* Exercise instructions *
Restate all of the entries exactly, dropping any pictures they hold.

* Data in this exercise *
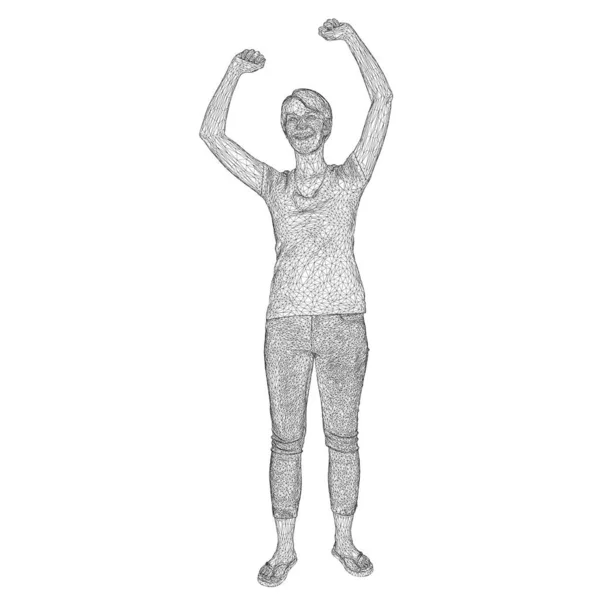 Drahtgestell eines lachenden Mädchens mit erhobenen Armen auf weißem Hintergrund. 3D. Vektorillustration — Stockvektor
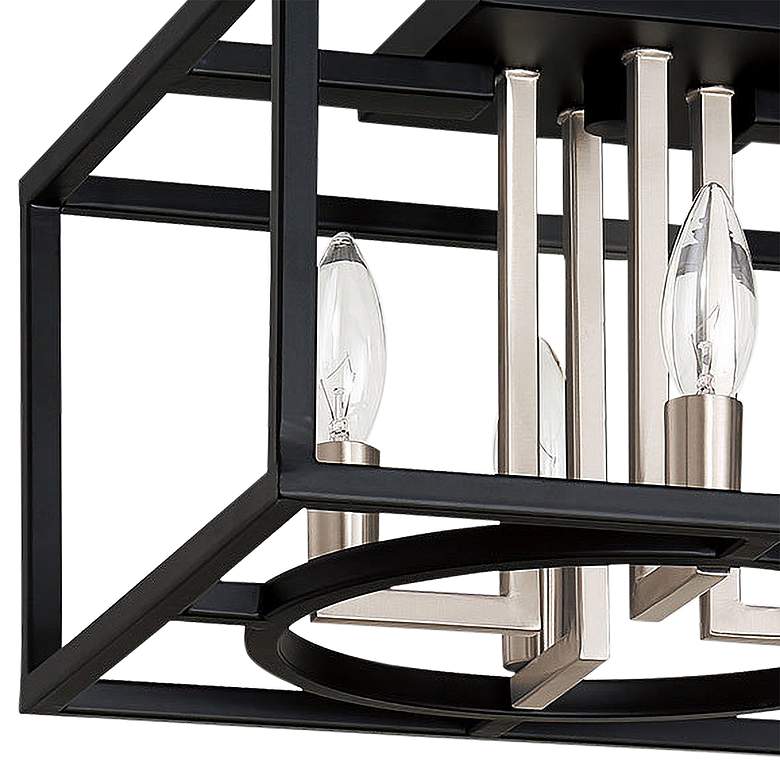 Image 3 Eglo Mundazo 13" Wide Nickel and Black Rectangular Box Ceiling Light more views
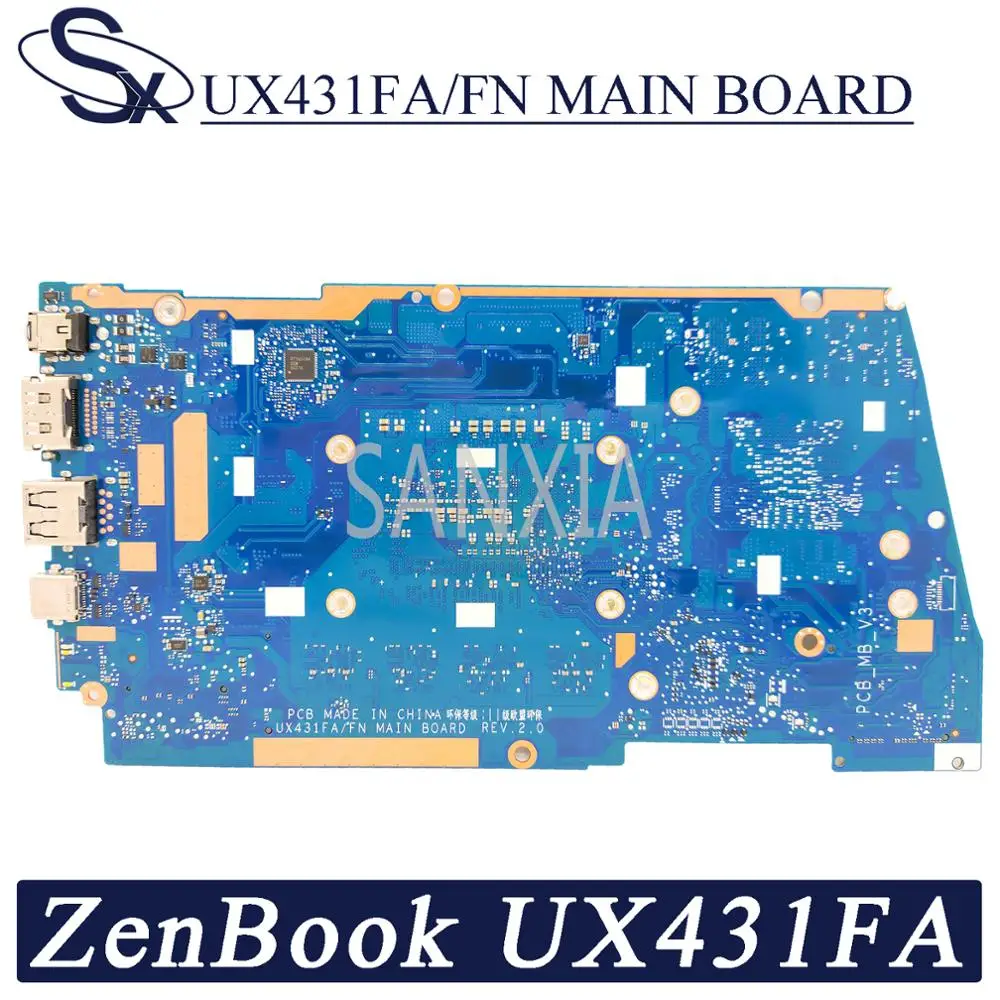 kefu ux431fafn laptop motherboard for asus zenbook 14 ux431fa ux431fn ux431f original mainboard 8gb ram i3 8145u gm free global shipping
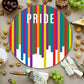 Tabla Redonda Para Quesos, Botanas Y Carnes Frias Hecha A Mano. Modelo Líneas Para Lgbtq Pride | Hecho a mano en México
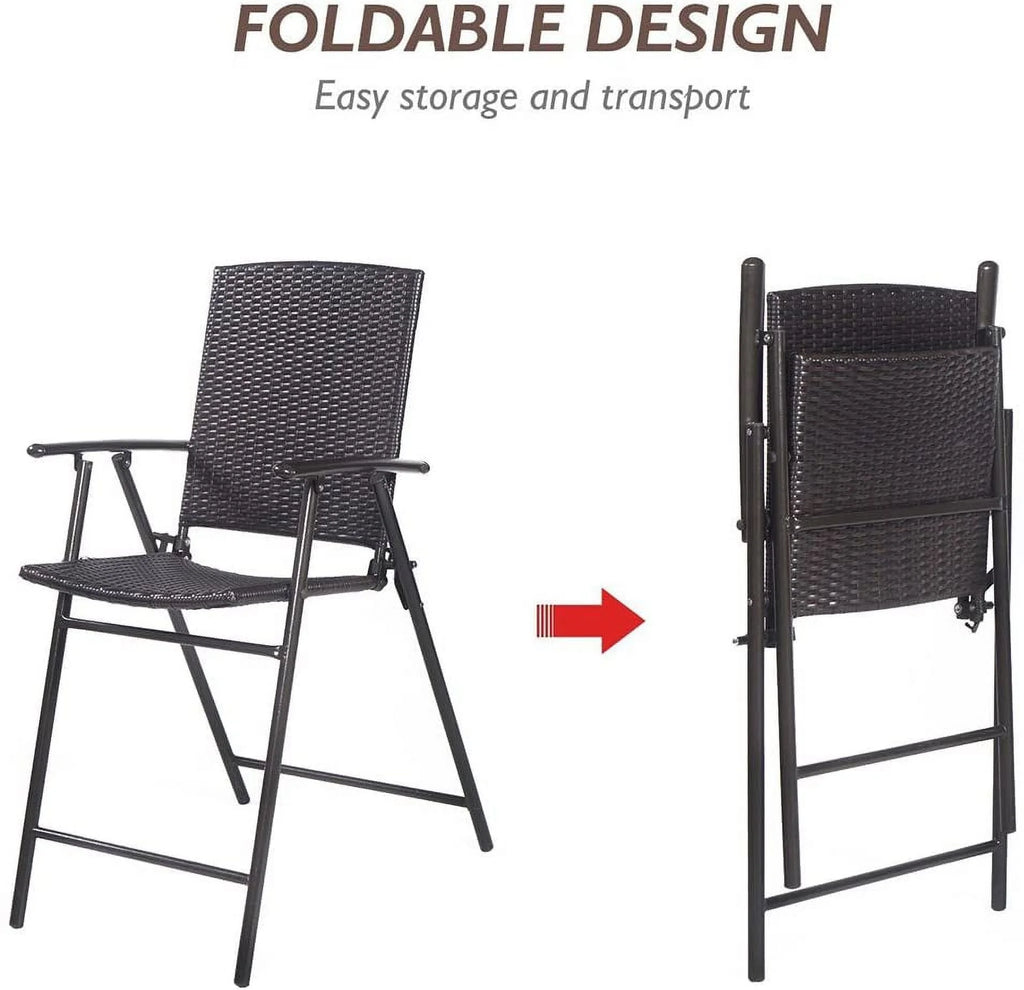 Lightweight Folding Wicker Patio Chairs with Armrest & Footrest Y253041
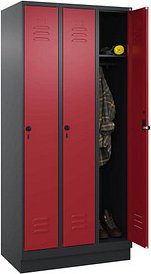 CP Spind Classic PLUS rubinrot, schwarzgrau 080020-30 S10070, 3 Schließfächer 90,0 x 50,0 x 195,0 cm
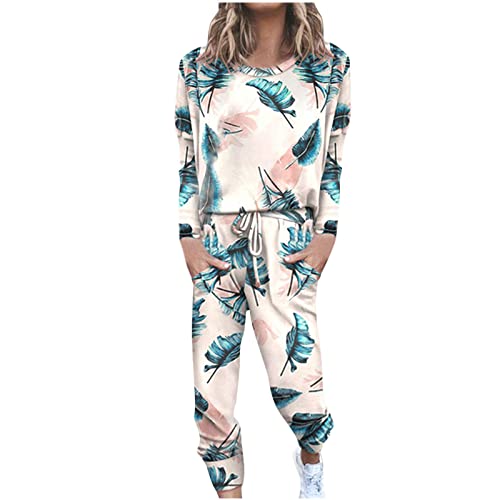 Hatoys Tie Dye Print Gradient Sports Outfit Oversized Drop Shoulder Tops Set for Women, Drawstring High Waist Pocketed Joggers Baggy Cuffed Pants Womens Sports Wear Set Daily Leisure Outfits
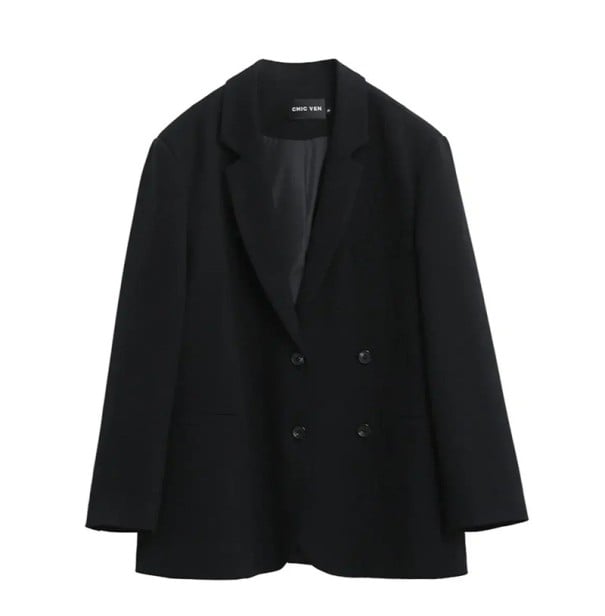 Sacoane elegante pentru femei cu guler și nasturi Sacoane de ocazie monocromatice din poliester, spandex și rayon Sacou stilat în diferite negru XXL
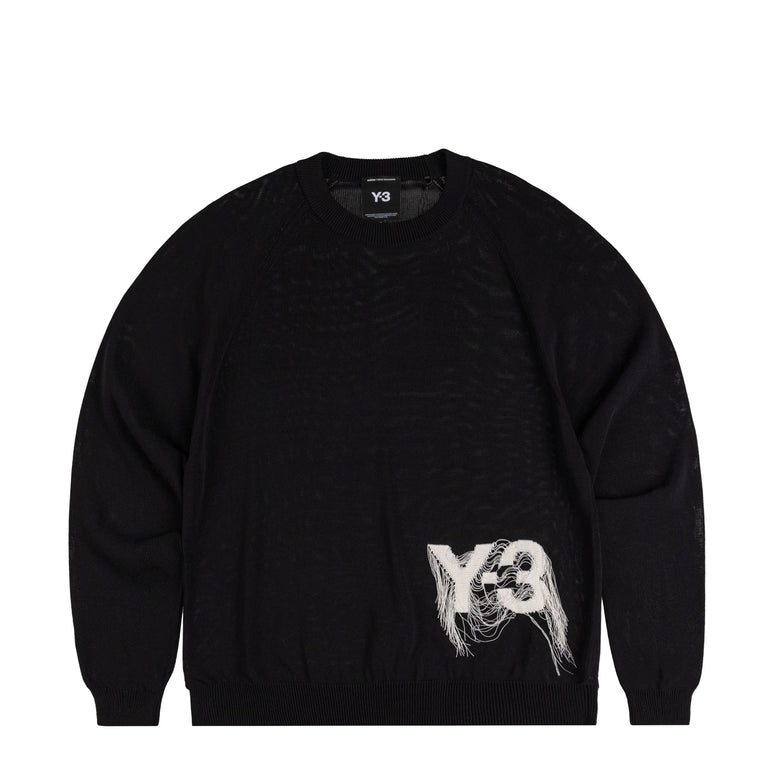 

Рубашка logo knit crew sweatshirt Adidas Y-3, черный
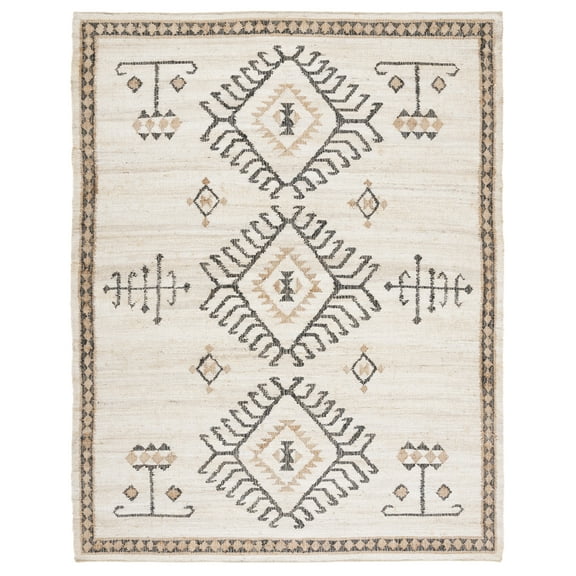 SAFAVIEH Kilim Lisette Tribal Area Rug, Ivory/Black, 8' x 10'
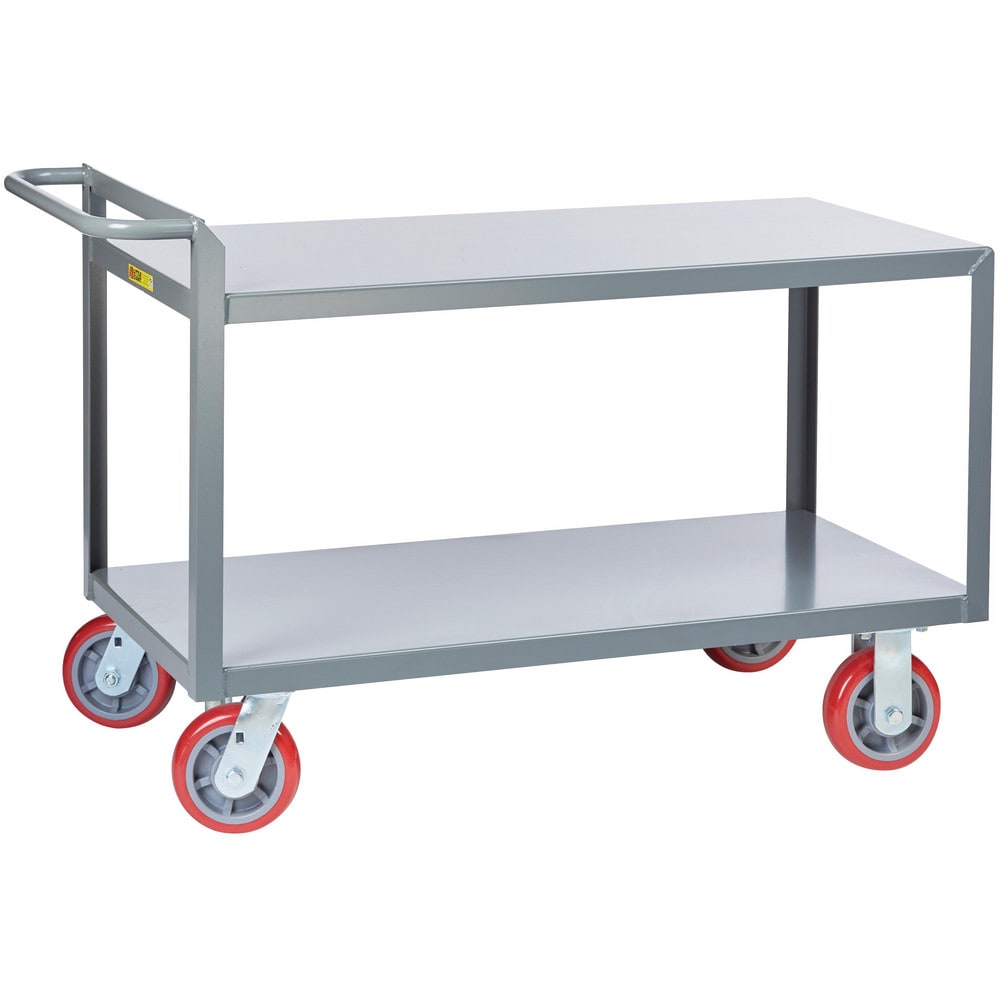 Merchandise Collectors Utility Cart: 66" Long, 30" Wide, Steel, 3600 lb Capacity, Gray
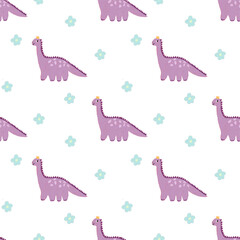 dinosaur princess in yellow crown seamless pattern with floral elements, kids fabric and textile texture, nursery decoration, accessories.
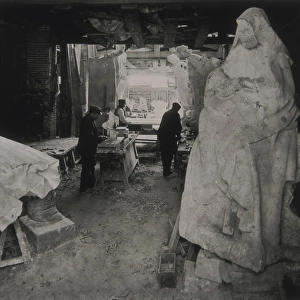 Sculpture workshop in the Sagrada Familia of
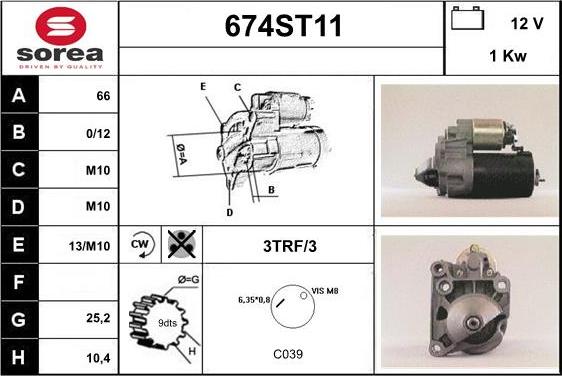 STARTCAR 674ST11 - Стартер autospares.lv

* Output below *
 Drahtgestell eines lachenden Mädchens mit erhobenen Armen auf weißem Hintergrund. 3D. Vektorillustration — Stockvektor
 Image 3 Eglo Mundazo 13" Wide Nickel and Black Rectangular Box Ceiling Light more views
 kefu ux431fafn laptop motherboard for asus zenbook 14 ux431fa ux431fn ux431f original mainboard 8gb ram i3 8145u gm free global shipping
 Tabla Redonda Para Quesos, Botanas Y Carnes Frias Hecha A Mano. Modelo Líneas Para Lgbtq Pride | Hecho a mano en México
 Lightweight Folding Wicker Patio Chairs with Armrest & Footrest Y253041
 CP Spind Classic PLUS rubinrot, schwarzgrau 080020-30 S10070, 3 Schließfächer 90,0 x 50,0 x 195,0 cm
 Hatoys Tie Dye Print Gradient Sports Outfit Oversized Drop Shoulder Tops Set for Women, Drawstring High Waist Pocketed Joggers Baggy Cuffed Pants Womens Sports Wear Set Daily Leisure Outfits
 Sacoane elegante pentru femei cu guler și nasturi Sacoane de ocazie monocromatice din poliester, spandex și rayon Sacou stilat în diferite negru XXL

Рубашка logo knit crew sweatshirt Adidas Y-3, черный
 SAFAVIEH Kilim Lisette Tribal Area Rug, Ivory/Black, 8' x 10'
 Merchandise Collectors Utility Cart: 66" Long, 30" Wide, Steel, 3600 lb Capacity, Gray
 dinosaur princess in yellow crown seamless pattern with floral elements, kids fabric and textile texture, nursery decoration, accessories.
 Sculpture workshop in the Sagrada Familia of
 STARTCAR 674ST11 - Стартер autospares.lv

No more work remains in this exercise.